The Ripples now have more products on the market, including Balinese long pepper and Javanese honey, sold at Dean & DeLuca and Whole Foods. Due in stores this fall are artisanal sugars made from tuak, the nectar of coconut palm flowers, and Island Crisps—fried organic chips made of flattened melinjo seeds, which are sourced from more than 2,000 producers on Java. "These chips are going to rock the world," Ben predicts.

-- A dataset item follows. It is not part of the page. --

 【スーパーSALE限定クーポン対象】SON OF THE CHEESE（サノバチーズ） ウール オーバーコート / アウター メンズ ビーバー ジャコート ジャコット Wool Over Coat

A few evenings after the Donna Karan encounter, John Hardy and the Ripples invite me to a dinner party held at the jeweler's luxurious house overlooking an emerald-green river gorge. Ben stands at the head of the table to announce the evening's dishes as they come out of the kitchen: sweet corn gazpacho with almond cream; white corn polenta with curried root vegetables and grilled fennel; watermelon salad with arugula, feta, roasted pumpkin seeds, basil and chile; and a dessert of zabaglione with mango, honey and long pepper–poached snakefruit (sweet, white-fleshed fruits with a mottled brown skin).
The next day at dawn, Ben picks me up to show me one of Big Tree Farms' saltworks on a sleepy beach on Bali's less-traveled east coast. As the head salt maker, Pak Kaping, and his family look on and giggle, Ben attempts to catch a running chicken. I ask Ben where he'd like to be in five years and he says half-jokingly, "I'd like to see Pak Kaping here driving around in a BMW." Pak Kaping isn't sure what a BMW is, but he laughs along anyway.
Gisela Williams, Europe correspondent for F&W, is based in Düsseldorf, Germany.